We extract two specific columns from the table above and put them immediately below. Notice below that the **average 10-Fold CV Scores** are approximately equivalent when for each classifier using the default hyperparameters for both the entire dataset and using 80% of the dataset. This suggests that it could be okay to **diverge** from Dhahri 2019 and use just **80%** of the Wisconsin Breast Cancer (Diagnostic) Dataset within GA and leave the remaining 20% for a final validation step.

In [10]:
df_subset = df_stacked[['Average 10-Fold CV Score (entire dataset)', 'Average 10-Fold CV Score (using 80% of dataset)']]
df_subset.style.set_caption("Compare CV Scores when using entire dataset or 80% of the dataset")

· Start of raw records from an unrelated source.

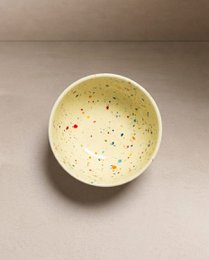 New Party Mini Bowl Mix 4 Pieces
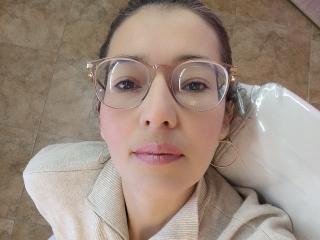 AntonnellaS Webcam Porno Live - Photo 15/21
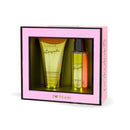 Kit LokaSecret Angels 60ml
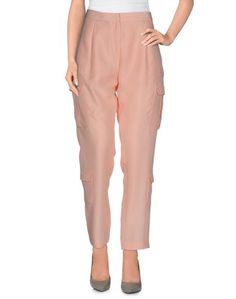 Повседневные брюки Msgm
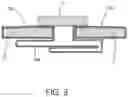 Fig. 10 - COLLAPSIBLE REUSABLE PALLET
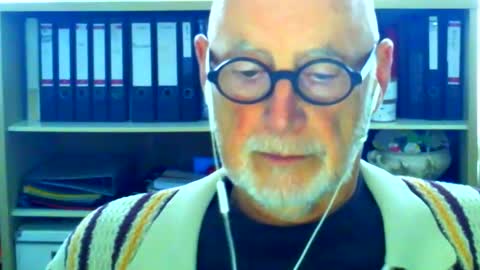 etonne online show from 09-26-25, 10:52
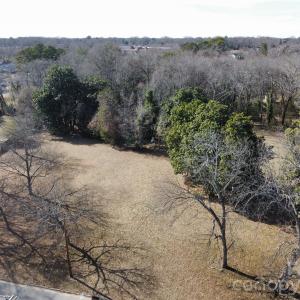 Photo #17 of 208 Beaver, Landis, NC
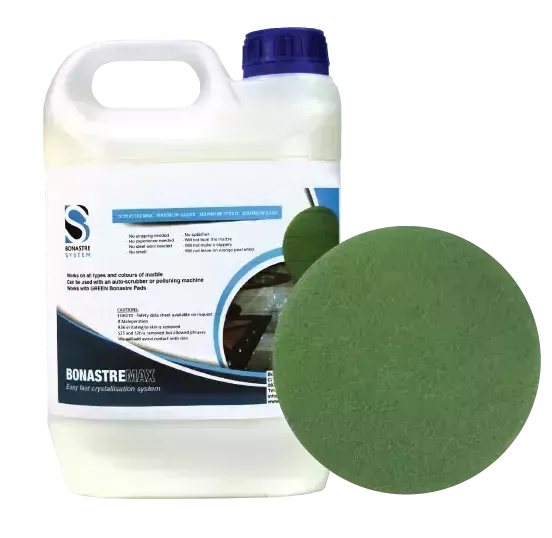 which-granite-polishing-chemical-gives-the-best-shine-big-0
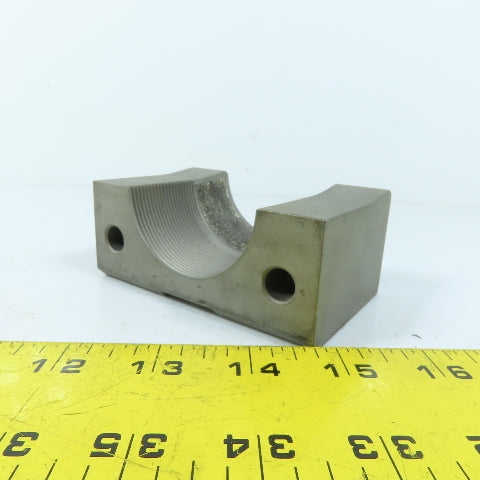 Tube Form Solutions 478282 A TOD 57.15mm x CLR 88.90mm Tube Bending Grip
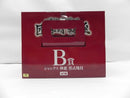 【中古】【未開封】シャンクス 神避 「一番くじ ワンピース 匠ノ系譜 覇極」 墨式塊技 B賞＜フィギュア＞（代引き不可）6587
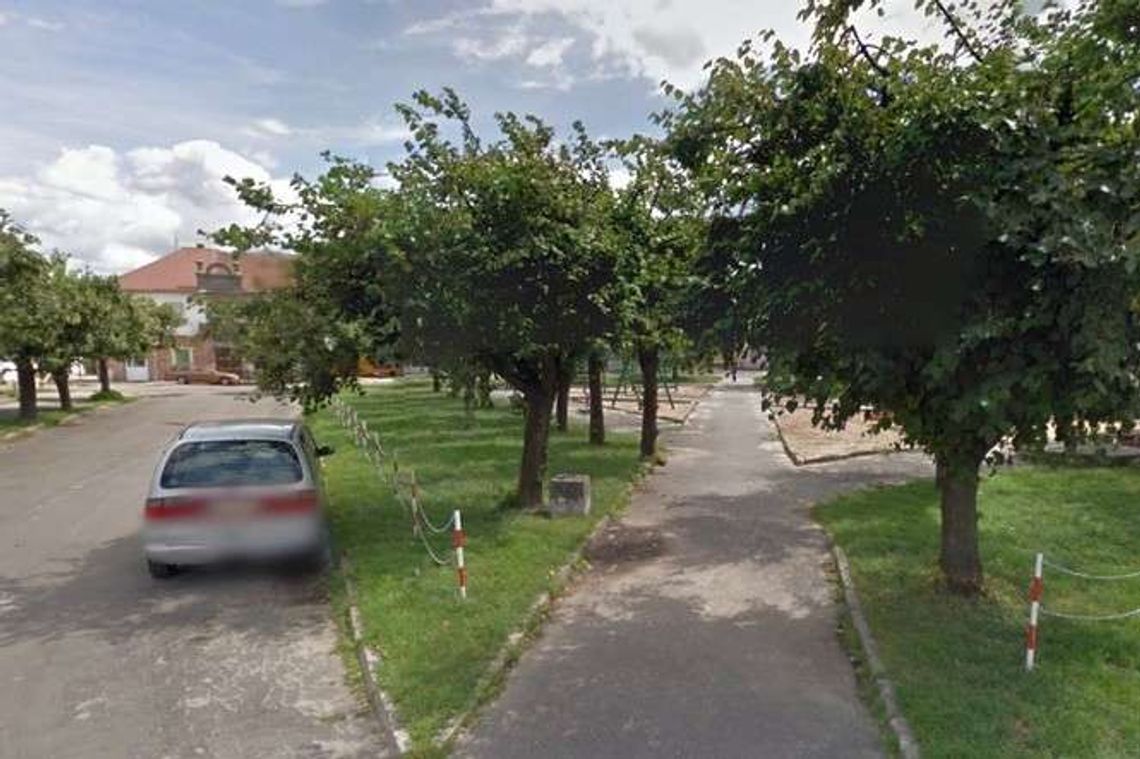 150 tysięcy na plan odnowy Łęcznej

Unnamed: 0,Average 10-Fold CV Score (entire dataset),Average 10-Fold CV Score (using 80% of dataset)
Ada Boost,0.03869,0.032995
Decision Tree,0.08609,0.074638
Extra Trees,0.03515,0.033043
Gaussian Naive Bayes,0.068484,0.072609
Gradient Boosting,0.036873,0.039565
Linear Discriminant Analysis,0.043954,0.046087
Logistic Regression,0.01933,0.026425
K Nearest Neighbors,0.033365,0.033043
Random Forest,0.042105,0.035169
SVC,0.022901,0.028599


To compare with the default scores reported by Dhahri 2019, we include the accuracy scores Table 2 Row 2.

In [11]:
dhahri_scores = np.array([0.9823, 0.938, 0.9734, 0.9557, 0.9557, 0.9533, 0.9463, 0.9111, 0.9645, 0.5110])
dhahri_fitness = 1 - dhahri_scores
df_subset.insert(loc=0, column='Dhahri reported average %', value=dhahri_fitness)
df_subset

Unnamed: 0,Dhahri reported average %,Average 10-Fold CV Score (entire dataset),Average 10-Fold CV Score (using 80% of dataset)
Ada Boost,0.0177,0.03869,0.032995
Decision Tree,0.062,0.08609,0.074638
Extra Trees,0.0266,0.03515,0.033043
Gaussian Naive Bayes,0.0443,0.068484,0.072609
Gradient Boosting,0.0443,0.036873,0.039565
Linear Discriminant Analysis,0.0467,0.043954,0.046087
Logistic Regression,0.0537,0.01933,0.026425
K Nearest Neighbors,0.0889,0.033365,0.033043
Random Forest,0.0355,0.042105,0.035169
SVC,0.489,0.022901,0.028599


Examining the percentage differences:

In [12]:
(df_subset.iloc[:,1] - df_subset.iloc[:,0])/ df_subset.iloc[:,0] * 100

Ada Boost                       118.590261
Decision Tree                    38.855203
Extra Trees                      32.144270
Gaussian Naive Bayes             54.590766
Gradient Boosting               -16.764258
Linear Discriminant Analysis     -5.880869
Logistic Regression             -64.004518
K Nearest Neighbors             -62.469447
Random Forest                    18.606375
SVC                             -95.316768
dtype: float64

In [13]:
(df_subset.iloc[:,2] - df_subset.iloc[:,0])/ df_subset.iloc[:,0] * 100

Ada Boost                       86.413385
Decision Tree                   20.383357
Extra Trees                     24.223602
Gaussian Naive Bayes            63.902248
Gradient Boosting              -10.687997
Linear Discriminant Analysis    -1.312727
Logistic Regression            -50.791209
K Nearest Neighbors            -62.830733
Random Forest                   -0.932163
SVC                            -94.151527
dtype: float64

Note: This feels strange that we cannot reproduce default results. Interpretation of table 2 is most likely wrong, but I think I am going in circles trying to reproduce this now.